### What to produce
What lines in the records below mention "Trang"? List them all.

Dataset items
◆ ◆ ◆ ◆

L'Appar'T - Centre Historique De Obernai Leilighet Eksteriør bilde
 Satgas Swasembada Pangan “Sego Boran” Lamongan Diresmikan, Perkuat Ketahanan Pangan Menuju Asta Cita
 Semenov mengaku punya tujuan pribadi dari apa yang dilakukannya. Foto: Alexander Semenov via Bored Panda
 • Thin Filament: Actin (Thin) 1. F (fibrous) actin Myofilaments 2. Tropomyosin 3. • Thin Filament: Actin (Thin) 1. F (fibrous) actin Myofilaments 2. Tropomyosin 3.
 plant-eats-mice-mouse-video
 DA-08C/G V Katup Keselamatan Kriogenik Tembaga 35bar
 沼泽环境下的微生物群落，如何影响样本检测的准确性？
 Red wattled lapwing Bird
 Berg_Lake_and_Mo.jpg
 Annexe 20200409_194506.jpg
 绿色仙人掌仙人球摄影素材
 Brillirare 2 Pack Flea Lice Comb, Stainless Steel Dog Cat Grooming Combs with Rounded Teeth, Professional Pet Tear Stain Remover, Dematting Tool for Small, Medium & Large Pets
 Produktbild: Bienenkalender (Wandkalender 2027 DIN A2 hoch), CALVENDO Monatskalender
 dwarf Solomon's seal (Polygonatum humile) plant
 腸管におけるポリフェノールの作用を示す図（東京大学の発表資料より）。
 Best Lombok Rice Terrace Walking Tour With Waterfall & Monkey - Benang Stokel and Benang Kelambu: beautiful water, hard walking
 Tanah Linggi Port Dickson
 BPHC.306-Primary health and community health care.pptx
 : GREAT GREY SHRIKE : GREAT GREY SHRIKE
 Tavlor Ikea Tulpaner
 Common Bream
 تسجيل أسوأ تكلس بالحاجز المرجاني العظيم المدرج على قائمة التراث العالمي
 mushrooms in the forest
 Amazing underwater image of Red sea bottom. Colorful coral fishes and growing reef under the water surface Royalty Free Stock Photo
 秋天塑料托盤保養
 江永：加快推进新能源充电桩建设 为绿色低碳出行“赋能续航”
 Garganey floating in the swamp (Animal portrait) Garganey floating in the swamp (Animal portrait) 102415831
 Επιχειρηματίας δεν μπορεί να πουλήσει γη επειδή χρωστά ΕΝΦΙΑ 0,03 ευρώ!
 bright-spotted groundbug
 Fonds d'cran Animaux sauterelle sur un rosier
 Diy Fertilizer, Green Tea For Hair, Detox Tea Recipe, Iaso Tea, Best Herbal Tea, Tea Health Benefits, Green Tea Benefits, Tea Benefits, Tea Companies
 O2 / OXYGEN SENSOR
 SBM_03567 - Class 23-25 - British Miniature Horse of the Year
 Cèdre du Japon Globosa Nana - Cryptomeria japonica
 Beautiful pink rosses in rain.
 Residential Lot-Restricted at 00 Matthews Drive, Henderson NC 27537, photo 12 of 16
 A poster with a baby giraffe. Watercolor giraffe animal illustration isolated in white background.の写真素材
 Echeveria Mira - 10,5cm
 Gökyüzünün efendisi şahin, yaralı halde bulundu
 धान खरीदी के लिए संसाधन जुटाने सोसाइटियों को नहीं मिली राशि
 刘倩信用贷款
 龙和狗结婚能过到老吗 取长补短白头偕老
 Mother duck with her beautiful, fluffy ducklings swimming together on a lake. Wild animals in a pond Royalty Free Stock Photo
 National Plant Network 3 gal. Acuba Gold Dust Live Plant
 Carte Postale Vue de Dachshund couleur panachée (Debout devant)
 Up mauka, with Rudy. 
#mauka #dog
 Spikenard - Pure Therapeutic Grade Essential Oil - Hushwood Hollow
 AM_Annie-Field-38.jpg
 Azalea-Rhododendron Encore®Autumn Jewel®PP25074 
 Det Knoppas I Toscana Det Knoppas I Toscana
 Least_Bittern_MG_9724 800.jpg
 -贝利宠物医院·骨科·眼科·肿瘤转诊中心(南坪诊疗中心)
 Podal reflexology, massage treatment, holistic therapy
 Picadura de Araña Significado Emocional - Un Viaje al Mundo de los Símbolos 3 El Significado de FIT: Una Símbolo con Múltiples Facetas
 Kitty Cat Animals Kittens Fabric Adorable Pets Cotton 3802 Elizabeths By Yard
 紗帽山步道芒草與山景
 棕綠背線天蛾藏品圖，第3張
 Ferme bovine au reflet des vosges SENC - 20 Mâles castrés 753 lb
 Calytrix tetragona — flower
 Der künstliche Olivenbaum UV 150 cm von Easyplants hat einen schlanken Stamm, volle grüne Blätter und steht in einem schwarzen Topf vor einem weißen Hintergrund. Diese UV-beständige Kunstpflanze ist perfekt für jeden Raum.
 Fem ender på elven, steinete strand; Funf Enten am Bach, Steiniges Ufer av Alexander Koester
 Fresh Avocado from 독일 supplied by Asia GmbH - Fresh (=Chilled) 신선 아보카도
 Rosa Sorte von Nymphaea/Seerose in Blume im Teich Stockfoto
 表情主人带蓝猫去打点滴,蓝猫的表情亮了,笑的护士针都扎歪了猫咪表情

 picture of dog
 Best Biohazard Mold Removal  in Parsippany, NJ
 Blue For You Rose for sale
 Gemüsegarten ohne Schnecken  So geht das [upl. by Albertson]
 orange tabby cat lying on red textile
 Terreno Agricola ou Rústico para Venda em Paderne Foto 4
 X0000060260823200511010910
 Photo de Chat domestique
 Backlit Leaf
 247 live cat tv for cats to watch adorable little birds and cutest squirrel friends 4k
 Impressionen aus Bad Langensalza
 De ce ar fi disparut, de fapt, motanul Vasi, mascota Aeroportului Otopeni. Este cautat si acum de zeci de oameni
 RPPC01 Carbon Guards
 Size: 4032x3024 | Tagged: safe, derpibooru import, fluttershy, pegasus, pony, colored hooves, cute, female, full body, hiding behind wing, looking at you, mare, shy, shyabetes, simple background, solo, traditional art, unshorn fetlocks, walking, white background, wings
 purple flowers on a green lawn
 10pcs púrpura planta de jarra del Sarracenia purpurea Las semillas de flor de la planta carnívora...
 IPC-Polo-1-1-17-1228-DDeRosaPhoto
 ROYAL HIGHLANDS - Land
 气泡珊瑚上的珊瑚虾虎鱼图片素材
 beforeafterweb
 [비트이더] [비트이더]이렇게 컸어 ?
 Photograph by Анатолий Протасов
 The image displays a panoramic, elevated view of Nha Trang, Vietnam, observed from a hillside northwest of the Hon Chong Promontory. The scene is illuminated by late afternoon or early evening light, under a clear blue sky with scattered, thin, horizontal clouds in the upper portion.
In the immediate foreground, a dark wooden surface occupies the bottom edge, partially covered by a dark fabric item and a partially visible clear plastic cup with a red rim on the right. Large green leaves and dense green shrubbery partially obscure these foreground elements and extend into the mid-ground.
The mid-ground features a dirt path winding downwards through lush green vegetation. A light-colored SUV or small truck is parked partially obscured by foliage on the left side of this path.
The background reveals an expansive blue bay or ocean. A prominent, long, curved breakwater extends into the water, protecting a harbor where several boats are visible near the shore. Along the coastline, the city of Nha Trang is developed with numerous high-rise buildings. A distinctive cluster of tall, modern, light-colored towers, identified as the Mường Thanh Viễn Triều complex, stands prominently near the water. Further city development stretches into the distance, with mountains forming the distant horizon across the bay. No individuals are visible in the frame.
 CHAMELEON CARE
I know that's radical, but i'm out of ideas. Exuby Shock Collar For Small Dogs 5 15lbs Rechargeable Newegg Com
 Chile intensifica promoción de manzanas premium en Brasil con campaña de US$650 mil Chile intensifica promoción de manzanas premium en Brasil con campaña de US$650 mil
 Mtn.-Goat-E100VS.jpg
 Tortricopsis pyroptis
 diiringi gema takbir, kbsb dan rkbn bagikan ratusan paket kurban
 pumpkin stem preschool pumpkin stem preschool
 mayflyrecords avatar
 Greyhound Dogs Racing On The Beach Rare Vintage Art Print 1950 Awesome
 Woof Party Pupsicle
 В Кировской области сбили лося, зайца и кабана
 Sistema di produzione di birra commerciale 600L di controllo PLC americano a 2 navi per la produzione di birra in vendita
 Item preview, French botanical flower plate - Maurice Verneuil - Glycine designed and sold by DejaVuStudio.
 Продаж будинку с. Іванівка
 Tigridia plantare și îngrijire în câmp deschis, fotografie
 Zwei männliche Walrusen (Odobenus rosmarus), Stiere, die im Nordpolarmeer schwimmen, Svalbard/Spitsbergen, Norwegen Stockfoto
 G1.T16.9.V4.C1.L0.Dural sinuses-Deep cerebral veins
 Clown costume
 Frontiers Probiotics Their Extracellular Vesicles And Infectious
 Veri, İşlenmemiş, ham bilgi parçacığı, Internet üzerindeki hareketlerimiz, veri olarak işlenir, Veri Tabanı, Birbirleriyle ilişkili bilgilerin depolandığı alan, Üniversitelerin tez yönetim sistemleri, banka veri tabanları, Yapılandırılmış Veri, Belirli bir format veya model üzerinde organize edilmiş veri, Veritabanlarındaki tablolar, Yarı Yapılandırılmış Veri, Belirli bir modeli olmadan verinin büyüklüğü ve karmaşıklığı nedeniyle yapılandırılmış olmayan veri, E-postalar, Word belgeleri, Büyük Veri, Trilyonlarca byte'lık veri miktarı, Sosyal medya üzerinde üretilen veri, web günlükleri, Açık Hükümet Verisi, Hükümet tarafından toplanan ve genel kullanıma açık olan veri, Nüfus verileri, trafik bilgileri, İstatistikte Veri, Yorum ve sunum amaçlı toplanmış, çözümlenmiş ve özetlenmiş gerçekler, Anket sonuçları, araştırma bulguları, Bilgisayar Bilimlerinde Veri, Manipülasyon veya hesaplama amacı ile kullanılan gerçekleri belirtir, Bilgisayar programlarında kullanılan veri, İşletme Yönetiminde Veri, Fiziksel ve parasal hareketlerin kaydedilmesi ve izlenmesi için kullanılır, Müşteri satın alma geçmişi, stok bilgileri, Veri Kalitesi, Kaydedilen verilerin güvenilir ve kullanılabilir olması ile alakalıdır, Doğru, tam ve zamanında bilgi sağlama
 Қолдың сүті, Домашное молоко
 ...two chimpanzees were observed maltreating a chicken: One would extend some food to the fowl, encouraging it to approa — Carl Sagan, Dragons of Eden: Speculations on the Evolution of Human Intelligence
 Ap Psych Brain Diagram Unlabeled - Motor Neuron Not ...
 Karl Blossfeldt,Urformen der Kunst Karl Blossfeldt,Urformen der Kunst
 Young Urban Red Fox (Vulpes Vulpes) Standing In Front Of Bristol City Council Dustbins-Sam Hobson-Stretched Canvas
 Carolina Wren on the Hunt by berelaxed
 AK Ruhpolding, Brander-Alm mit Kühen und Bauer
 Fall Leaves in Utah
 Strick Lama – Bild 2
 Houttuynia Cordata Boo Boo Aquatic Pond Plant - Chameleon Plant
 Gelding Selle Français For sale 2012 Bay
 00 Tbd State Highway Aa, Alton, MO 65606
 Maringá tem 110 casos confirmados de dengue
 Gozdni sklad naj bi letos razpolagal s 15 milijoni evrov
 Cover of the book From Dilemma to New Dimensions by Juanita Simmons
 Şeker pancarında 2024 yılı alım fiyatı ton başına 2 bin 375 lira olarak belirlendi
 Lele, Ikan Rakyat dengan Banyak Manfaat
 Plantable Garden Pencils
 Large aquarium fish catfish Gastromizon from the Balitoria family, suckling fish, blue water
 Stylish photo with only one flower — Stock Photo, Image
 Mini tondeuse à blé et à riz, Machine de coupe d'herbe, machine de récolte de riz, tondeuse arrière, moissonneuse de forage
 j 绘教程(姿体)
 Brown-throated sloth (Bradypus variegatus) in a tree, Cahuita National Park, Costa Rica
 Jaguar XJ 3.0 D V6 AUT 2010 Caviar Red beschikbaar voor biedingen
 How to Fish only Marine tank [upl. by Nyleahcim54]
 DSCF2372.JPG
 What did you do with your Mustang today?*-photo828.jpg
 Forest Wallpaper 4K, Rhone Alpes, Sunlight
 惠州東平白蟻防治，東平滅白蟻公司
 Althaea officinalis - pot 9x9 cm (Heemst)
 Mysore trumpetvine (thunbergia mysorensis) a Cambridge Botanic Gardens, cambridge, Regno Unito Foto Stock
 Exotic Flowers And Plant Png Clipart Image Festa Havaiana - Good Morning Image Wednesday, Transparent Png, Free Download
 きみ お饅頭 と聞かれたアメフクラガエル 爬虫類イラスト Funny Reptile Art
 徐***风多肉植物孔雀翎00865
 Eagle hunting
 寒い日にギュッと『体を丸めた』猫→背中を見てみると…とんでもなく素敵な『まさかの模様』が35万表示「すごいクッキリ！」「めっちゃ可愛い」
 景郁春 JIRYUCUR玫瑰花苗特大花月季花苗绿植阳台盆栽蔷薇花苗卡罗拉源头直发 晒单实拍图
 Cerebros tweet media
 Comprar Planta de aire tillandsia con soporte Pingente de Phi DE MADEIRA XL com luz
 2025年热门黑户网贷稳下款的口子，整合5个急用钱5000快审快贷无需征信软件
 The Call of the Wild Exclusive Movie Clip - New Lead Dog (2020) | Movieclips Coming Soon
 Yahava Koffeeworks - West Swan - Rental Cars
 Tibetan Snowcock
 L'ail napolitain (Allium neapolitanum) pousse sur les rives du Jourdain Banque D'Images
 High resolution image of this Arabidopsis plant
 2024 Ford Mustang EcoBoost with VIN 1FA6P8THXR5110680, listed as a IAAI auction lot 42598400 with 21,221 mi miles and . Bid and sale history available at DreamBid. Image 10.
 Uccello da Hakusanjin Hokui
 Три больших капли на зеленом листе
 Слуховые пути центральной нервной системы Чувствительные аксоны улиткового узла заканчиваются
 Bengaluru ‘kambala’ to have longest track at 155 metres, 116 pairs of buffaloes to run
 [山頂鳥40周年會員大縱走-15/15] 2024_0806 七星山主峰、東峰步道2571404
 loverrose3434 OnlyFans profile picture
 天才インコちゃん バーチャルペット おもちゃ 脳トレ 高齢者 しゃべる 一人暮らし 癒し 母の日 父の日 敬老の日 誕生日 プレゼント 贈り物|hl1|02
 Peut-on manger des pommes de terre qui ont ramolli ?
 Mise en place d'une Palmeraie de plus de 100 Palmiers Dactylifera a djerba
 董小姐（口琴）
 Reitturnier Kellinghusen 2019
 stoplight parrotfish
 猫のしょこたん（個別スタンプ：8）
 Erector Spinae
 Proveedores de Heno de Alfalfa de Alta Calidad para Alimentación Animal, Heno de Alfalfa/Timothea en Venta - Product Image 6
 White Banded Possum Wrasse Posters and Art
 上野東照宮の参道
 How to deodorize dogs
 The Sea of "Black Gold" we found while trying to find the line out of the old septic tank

◆ ◆ ◆ ◆

### Result
 The image displays a panoramic, elevated view of Nha Trang, Vietnam, observed from a hillside northwest of the Hon Chong Promontory. The scene is illuminated by late afternoon or early evening light, under a clear blue sky with scattered, thin, horizontal clouds in the upper portion.
The background reveals an expansive blue bay or ocean. A prominent, long, curved breakwater extends into the water, protecting a harbor where several boats are visible near the shore. Along the coastline, the city of Nha Trang is developed with numerous high-rise buildings. A distinctive cluster of tall, modern, light-colored towers, identified as the Mường Thanh Viễn Triều complex, stands prominently near the water. Further city development stretches into the distance, with mountains forming the distant horizon across the bay. No individuals are visible in the frame.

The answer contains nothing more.